Point de vue après la projection des essais de l’Idiff 2006, " Cinq caméras, trois décors "

par Charlie Van Damme

Je présume que les performances de ces cinq caméras seront abondamment comparées, je n’y ajouterai donc pas mes commentaires.

Mais une chose m’a troublé.

En introduction à la projection, il nous a été dit que sans doute le réglage du projecteur était un peu trop doux.

Les images non étalonnées me donnaient le sentiment de voir des interpositifs. Parfait : des images très douces qui offrent un minimum de marge à la prise de vues et plus de possibilités à l’étalonnage. Une logique proche de la prise de vues argentique.
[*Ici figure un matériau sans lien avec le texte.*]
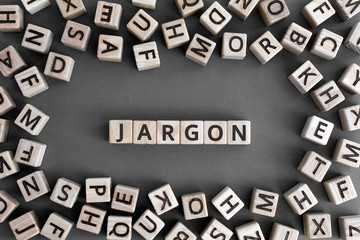 Jargon  - word from wooden blocks with letters,  special words and phrases jargon concept, random letters around, top view on grey background - obrazy, fototapety, plakaty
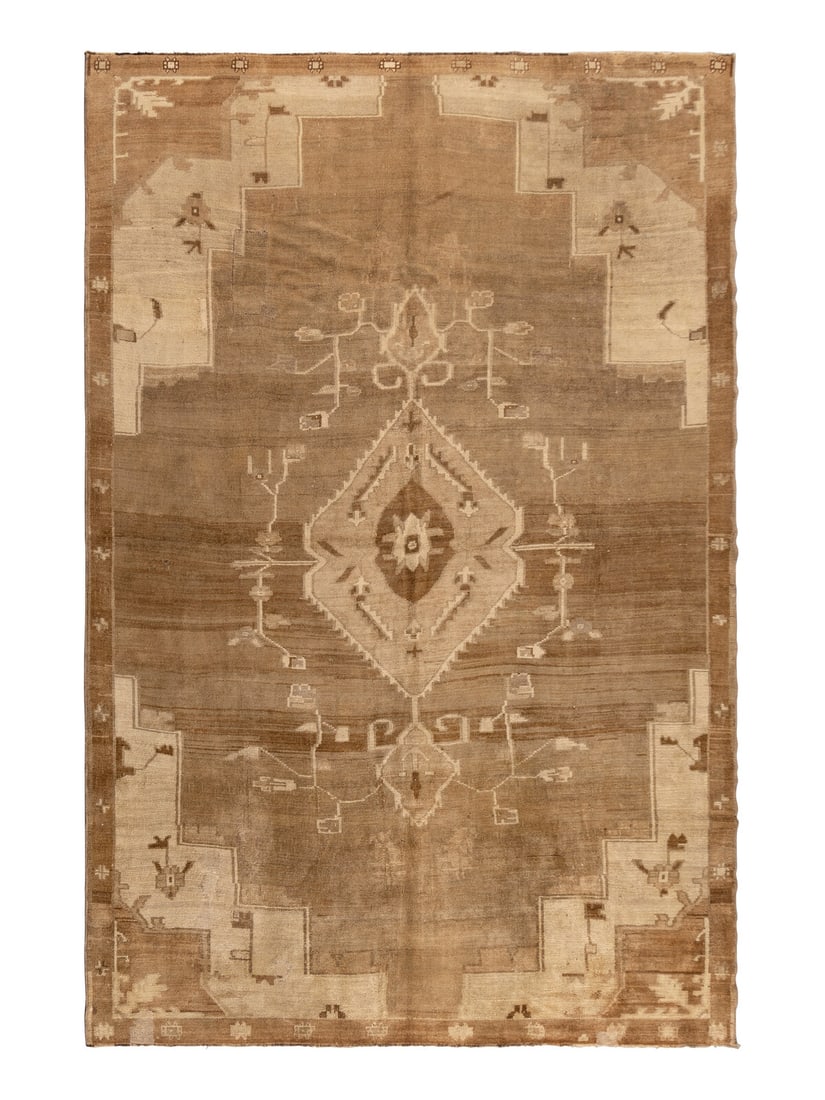An Oushak Rug: An Oushak Rug West Anatolia, Early 20th Century 10 feet 8 inches x 7 feet 7 inches. Property from a Private Family Trust This lot is located in Chicago.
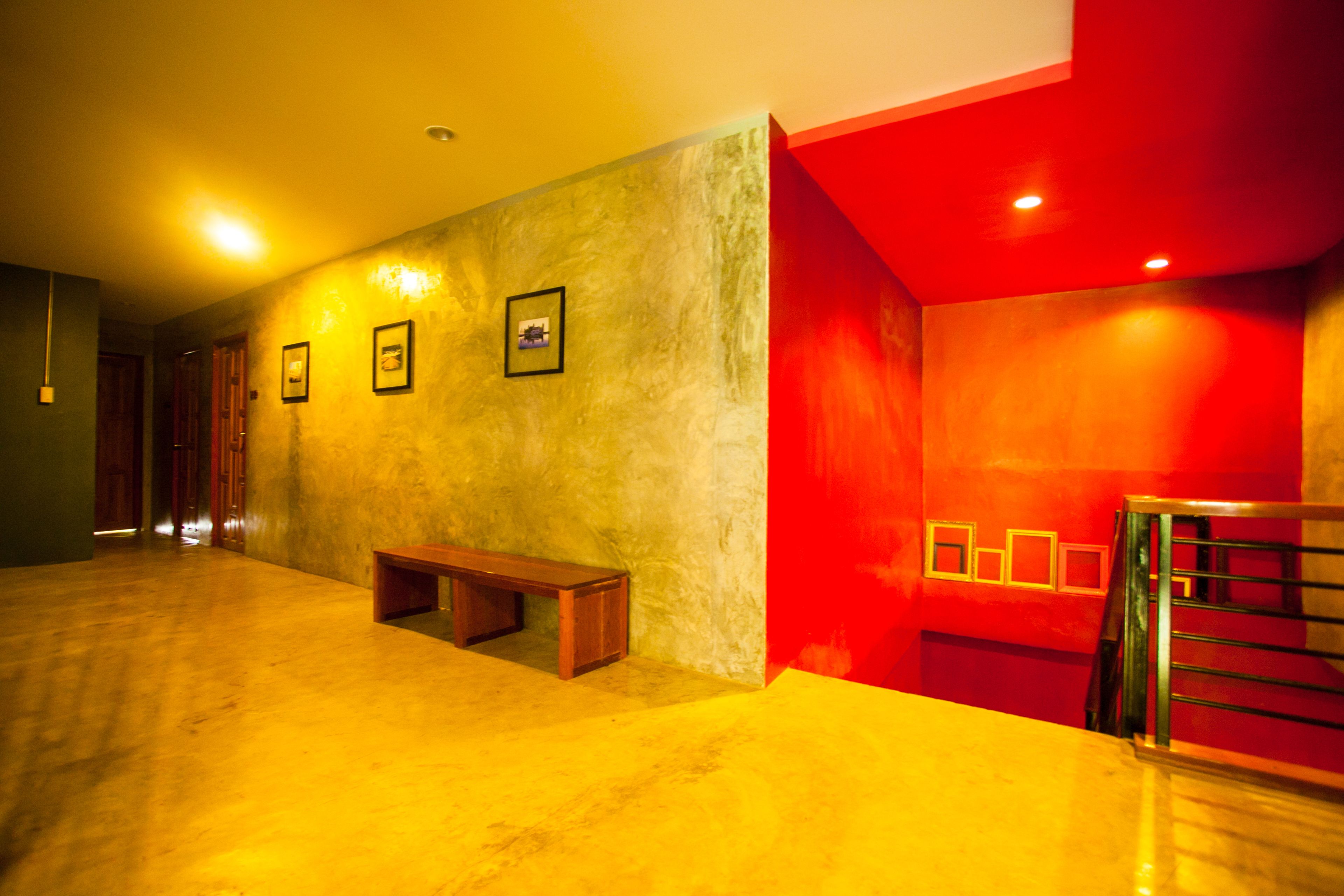A hallway with a wooden bench, a staircase with metal railings, and framed pictures on the wall.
Mais effectivement, les images étalonnées semblaient dans l’ensemble manquer de " corps " : pas de vrais noirs profonds et relativement à ces noirs un peu ternes, des blancs relativement mous, même lorsqu’ils semblaient saturés à la prise de vues. Des couleurs un peu fadasses aussi.

Et puis, surprise. En clôture à cette projection, quelques images qui, elles, semblaient trop dures, trop brillantes et trop saturées, du moins par rapport à ce que nous venions de voir. Question d’accoutumance sans doute.

Le réglage du projecteur n’était donc pas en cause. En principe, un bon projecteur, qu’il soit à l’ancienne ou numérique, ne doit faire qu’une seule chose : restituer l’image sans la dénaturer en quoi que ce soit, comme une chaîne haute-fidélité. Les projecteurs numériques offrent des possibilités d’intervention sur les caractéristiques de l’image, mais c’est une arme à double tranchant : cela permet aussi au projectionniste de modifier l’image selon son goût, par exemple.

Je crois que l’on est simplement face à un problème de " sensitométrie ", et que lors de l’étalonnage, tout s’était passé comme si l’on avait travaillé sur un " positif " trop doux, pour reprendre le jargon de l’argentique. Que l’image finale entrée dans le projecteur n’avait ni le " gamma ", ni le contraste qui convenaient aux conditions de projection, avec les conséquences sur le sentiment de saturation.

Je crois qu’il faut revenir à une logique sensitométrique et au diagramme de Jones, et fixer quelques ordres de grandeur, comme en argentique (pas nécessairement les mêmes) : gamma du négatif (de l’original) autour de 0.65, gamma du positif vers les 2.4, gamma de l’image en projection proche de 1.4 . Ça ne nous empêchera pas de jongler avec ces ordres de grandeur et de s’en écarter volontairement comme on le fait en argentique, mais au moins ce sera en connaissance de cause, avec une probabilité très forte que ce que l’on essaye de faire, on le retrouvera à l’écran.

De toute façon, on est coincé entre deux impératifs contradictoires.

En prise de vues, on a tout intérêt à produire un original doux, avec plus de détails dans les noirs et dans les blancs qu’il n’en faut (" pied " et " épaule " bien larges).

En projection, une image standard de référence, la fameuse " tête de femme " par exemple, devra être un peu plus contrastée et un peu plus saturée pour qu’on ait le sentiment que l’image représente la dame " comme " elle est dans la réalité.

A cela, deux raisons :

1 - Le niveau de projection est relativement bas et l’œil perçoit moins bien et les contrastes et les couleurs (conditions de vision crépusculaire).

2 - Aucun système d’enregistrement d’images n’est capable de restituer l’entièreté des nuances colorées et le contraste (la dynamique) que la vision est capable de différencier ou encaisser.

Il faut donc compenser en raidissant le gamma et en augmentant la saturation.

En fait, ce qu’il nous faudrait, c’est un outil qui cumulerait les qualités de la tête de femme et du coin de Goldberg, pour permettre une appréciation subjective et objective, chiffrable en termes de " gamma " (sens argentique du terme) et de dynamique (tant de plages, ou tant de stops). Un outil normalisé que l’on filmerait une fois pour toutes et qui accompagnerait le film de la prise de vues à la projection de contrôle.

Une boîte à lumière avec un grand coin de Goldberg à mettre sous le visage de quelqu’un, par exemple.

Cela me semble d’autant plus nécessaire que l’on est amené à apprécier nos images dans des conditions fort différentes : moniteur sur le plateau, à la salle de montage, au labo numérique, en projection. Il y a de quoi perdre ses repères.